Although creative service is an intrinsic activity which we enjoy as an end in itself, all professional tasks and other occupations have forms of activity which we do not enjoy but which must be performed. These monotonous and tedious routines can become rewarding and almost enjoyable when associated with the deeper intention of our life. No work should be considered “common labor” for every extrinsic activity can be considered worthy as service to our fellows and to God, by its association with the main purposes of our mortal career.
Helping and supporting service is one of the main goals of spiritual psychology. It is a dedication of our lives to help others; it is a contribution to truth, beauty, and goodness on our planet; the accomplishment of which will make our world a better place to live. Humanistic workers may achieve valuable social results, but spiritual servants generate spiritual fruits that transform individuals and society. Secular sociologists look at human problems and leave people virtually unchanged. For spiritual workers, knowledge is only a means to an end; they focus on transforming people, correcting error and injustice, and straightening out society. Service is both the channel through which we realize God’s will in our lives and the most important source of human happiness and fulfillment.
Following the leading of the Spirit is never easy. The tasks set by the Spirit challenge us to our limits. The leading of the Spirit requires hard work, struggle, conflict, determination, persistent effort, and indomitable faith. Spiritual pioneers are always faced with disapproval and opposition. As we respond positively, wisely, and aggressively in facing the frustrations and harassments of progressive life, we become more resourceful in our service. Kingdom creators endure the inevitable trials undaunted; difficulties invigorate their efforts, and obstacles motivate them to make important decisions.
Our responsibility is to act; the consequences are in more influential hands. Loyalty to spiritual vision leads us to optimistically plant young trees whose shade we will never enjoy when they are grown. Long-distance runners do not seek immediate rewards or results. They live within the evolutionary frame of reference of the Supreme and visualize by faith the fulfillment of their labors. Having the courage to be and to act, they are nevertheless rewarded with unforeseen discoveries and unexpected accomplishments. They live in the certain assurance that eternal truth, transcendent beauty, continual goodwill, and boundless love will conquer the world!

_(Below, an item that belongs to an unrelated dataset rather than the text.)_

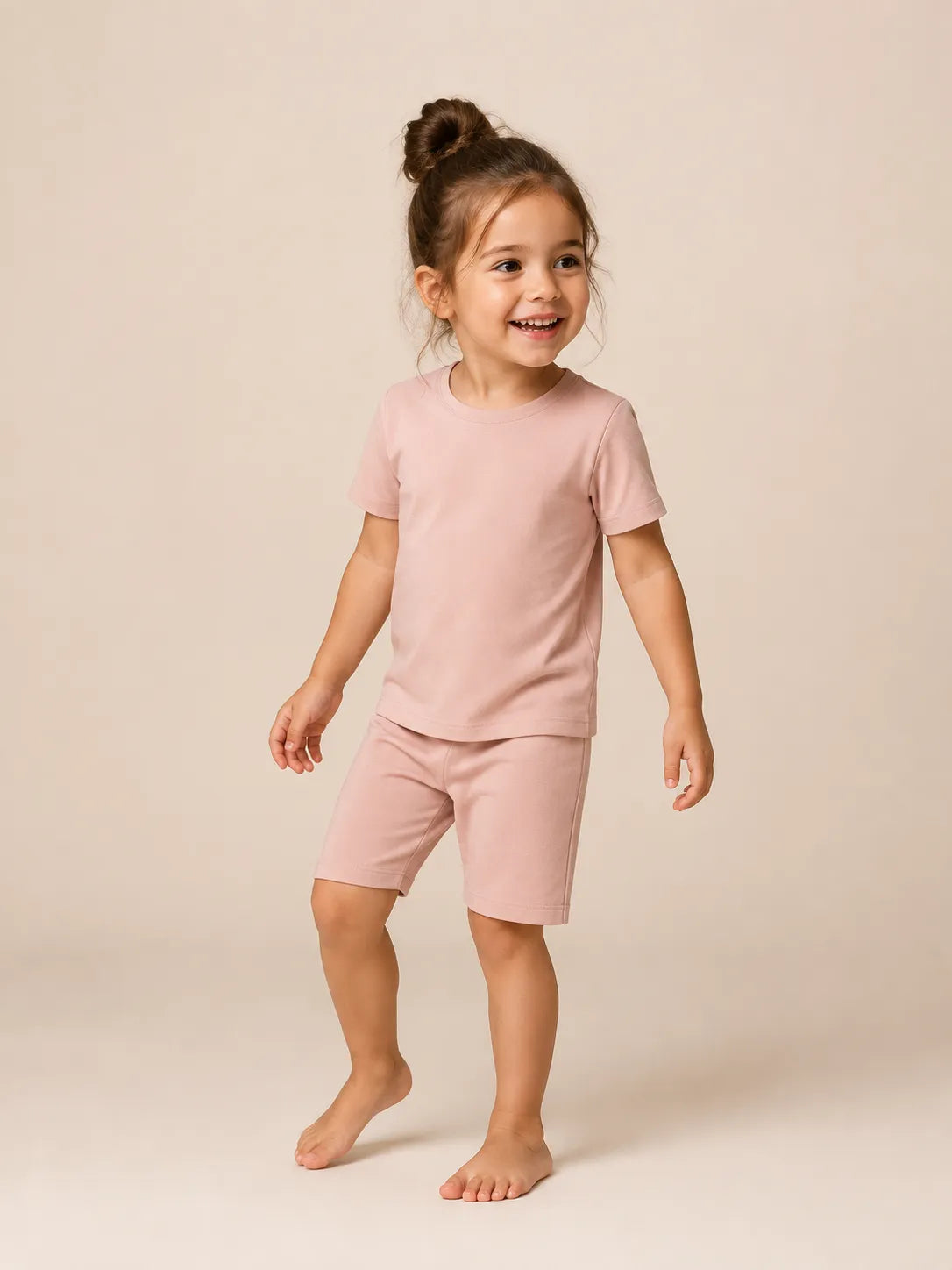 Child wearing Blush Pink bamboo short sleeve pajama set in studio - MossiBaby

Help and support of service are the main goals of spiritual psychology. True religion requires doing something. Our Inner Spirit has an ideal plan for our life. The main requirements of this plan are loving fellowship and creative action, both of which find their highest expression in service. Following the Spirit’s direction is never easy; it challenges us to our limits. Our responsibility is to act; the consequences are established in the divine overcontrol of creative evolution. Eternal truth, transcendent beauty, continual goodwill, and boundless love will conquer the world!